Even better than a barplot, we can simultaneously show the histrograms as well as their standard errors:



In [16]:

    
fig, ax = plt.subplots()
ax.hist(data1)
ax.hist(data2)

ymax = ax.get_ylim()[-1]
for ii, (imn, iste, c) in enumerate([(mn1, ste1, 'b'), (mn2, ste2, 'g')]):
    ax.hlines(ymax + 1 + ii, imn - iste, imn + iste, lw=6, color=c)
ax.set_ylim([None, ax.get_ylim()[-1] + 2])









    Out[16]:





(0.0, 20.0)

Calculating uncertainty with computation: the bootstrap

The standard error that we've shown above in some sense depends on assumptions we're making on the data. By calculating standard error, we're assuming a couple of things at least:

The mean is a good description of the distribution
The error is roughly symmetric about the mean

But what if our distribution looked something like this:



In [43]:

    
data = np.random.poisson(lam=2, size=5000)

mn = data.mean()
ste = data.std() / np.sqrt(data.shape[0])

fig, ax = plt.subplots()
ax.hist(data, bins=np.arange(0, 10, 1))
ax.hlines(ax.get_ylim()[-1] + 10, mn - ste, mn + ste, lw=10)









    Out[43]:





<matplotlib.collections.LineCollection at 0x110494150>

As you can see above, this is not a symmetric distribution, so we can' just calculate its mean / standard error and call it a day.

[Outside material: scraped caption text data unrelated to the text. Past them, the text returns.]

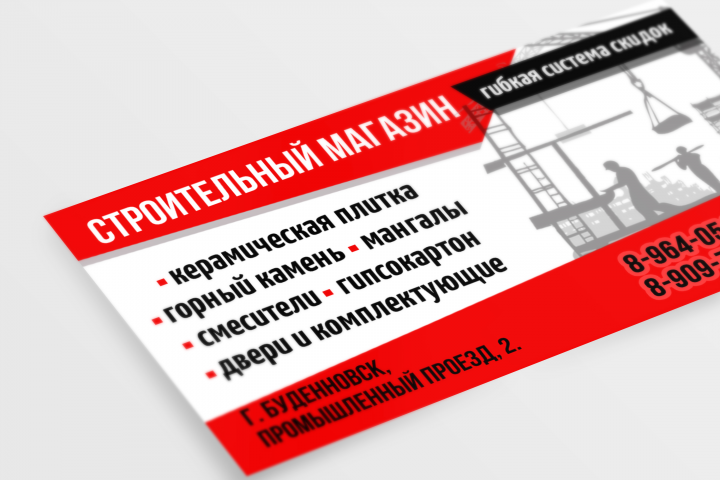 Визитка строительный магазин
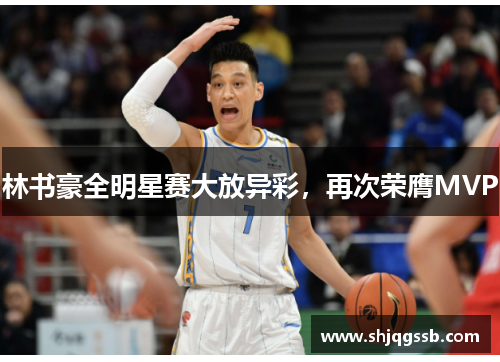 林书豪全明星赛大放异彩，再次荣膺MVP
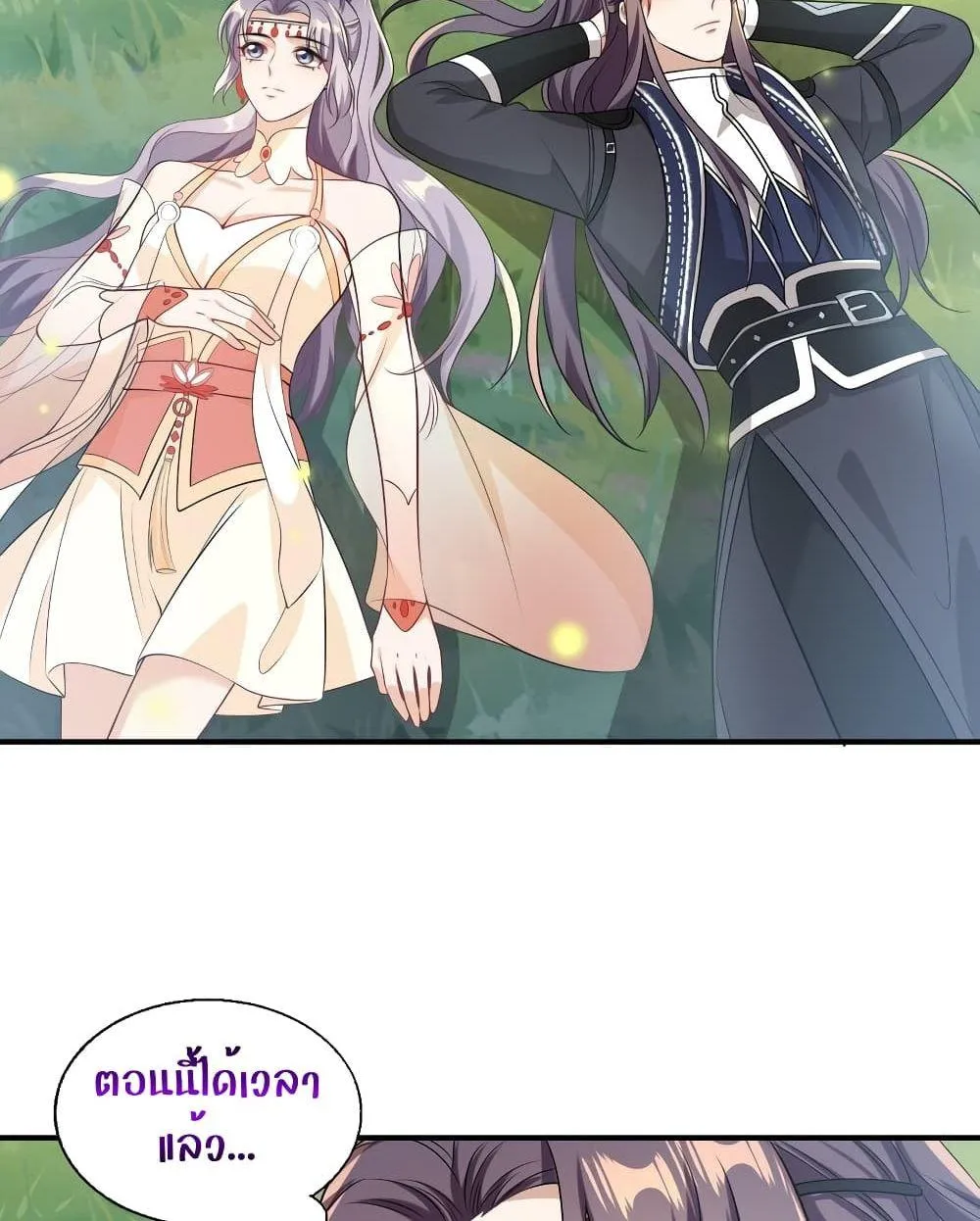 Be Frank and Strict ตอนที่ 1939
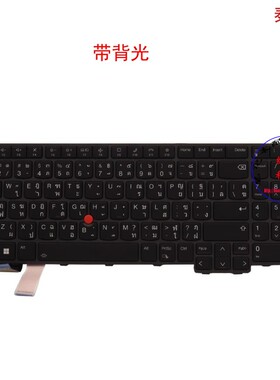 泰文TH键盘联想Thinkpad L15 G3 T16 P16s G1 5N21D93789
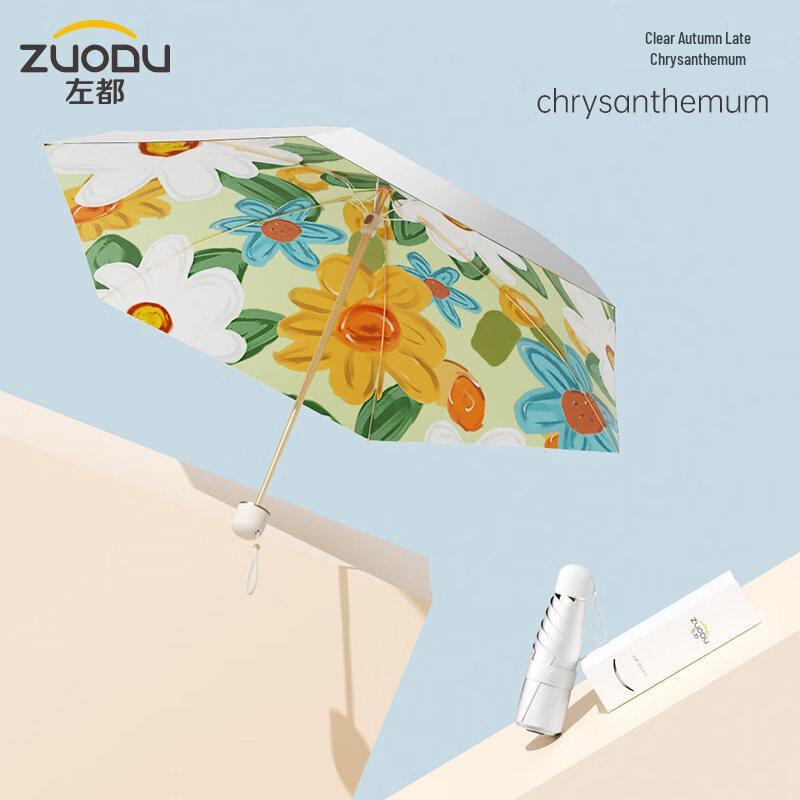 ZUODU ZD147 Mini 5-Fold UV Protection Sun Umbrella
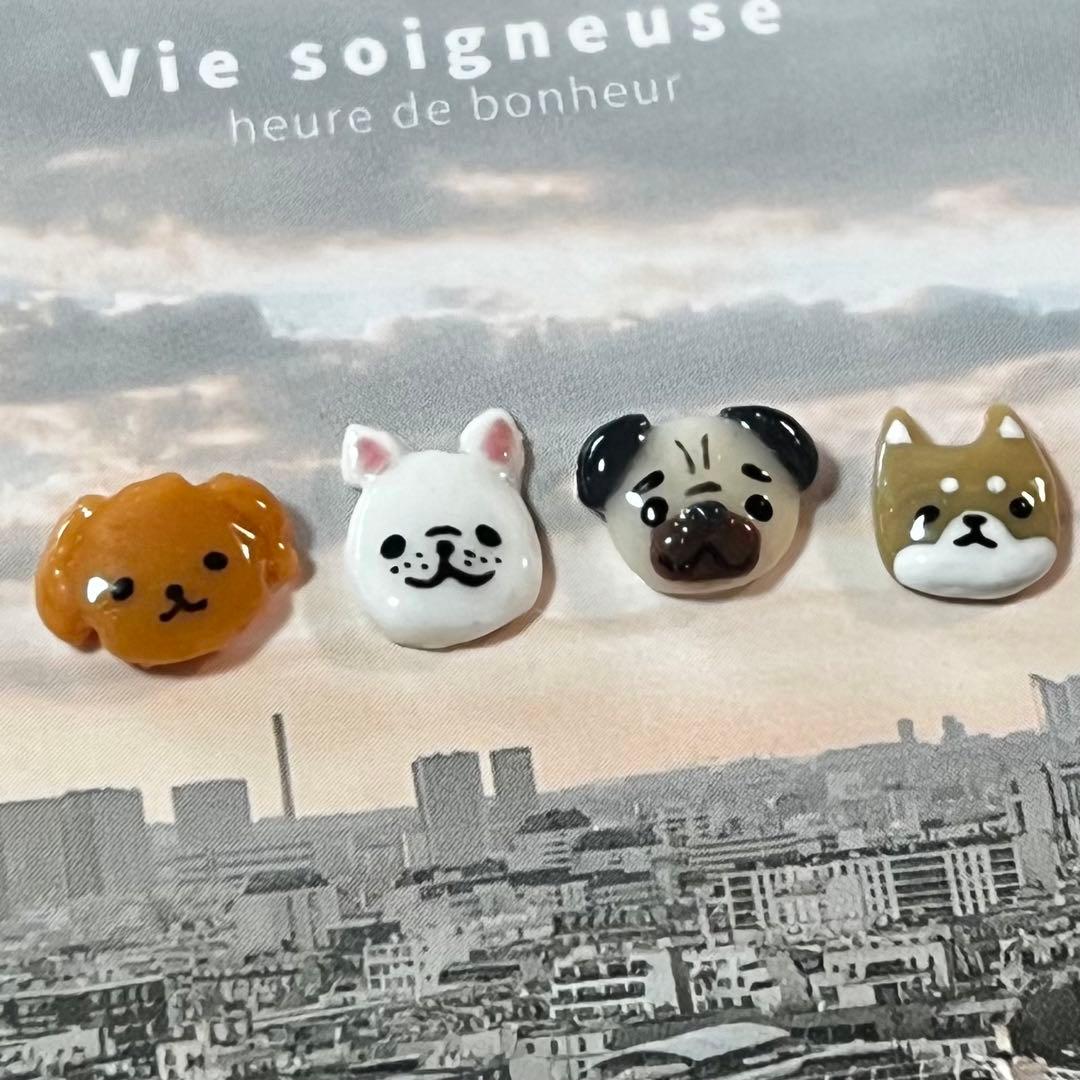 ネイルパーツ 3dネイルパーツ 犬 - メルカリ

Luckily, with modern computational power we can simulate the uncertainty in the mean of this distribution. One way of doing this is called the bootstrap.

Briefly, the bootstrap follows these steps:

Take a random sample of our data points, of the same size as our dataset. Take this random sample with replacement
Calculate the mean (or whatever statistic) of the sample.
Collect this mean and repeat this N times (maybe 1000).
Calculate percentiles of the distribution of our simulated means as a proxy for uncertainty of the statistic.

Here's what it looks like in practice:



In [30]:

    
n_boots = 1000
means = np.zeros(n_boots)
for ii in range(n_boots):
    ixs_sample = np.random.randint(0, data.shape[0], size=data.shape[0])
    sample = data[ixs_sample]
    means[ii] = sample.mean()

Now we can plot the distribution of our means, as well as the 2.5th and 97.5th percentiles of this distribution (corresponding to a 95% confidence interval)



In [45]:

    
# Calculate confidence intervals
clo, chi = np.percentile(means, [2.5, 97.5])

fig, ax = plt.subplots()

ax.hist(means, histtype='step', color='r')
ax.hlines(ax.get_ylim()[-1] + 10, clo, chi, lw=10, color='r')
ax.hlines(ax.get_ylim()[-1] + 20, mn - ste, mn + ste, lw=10, color='g')









    Out[45]:





<matplotlib.collections.LineCollection at 0x110469fd0>

Note the difference between the green and red horizontal bars. The green bar is thinner, representing an overconfidence in the "true" mean of the distribution. Because the distribution is not symmetric, this is wrong, and a better description of the distribution is given by the bootstrapped confidence interval.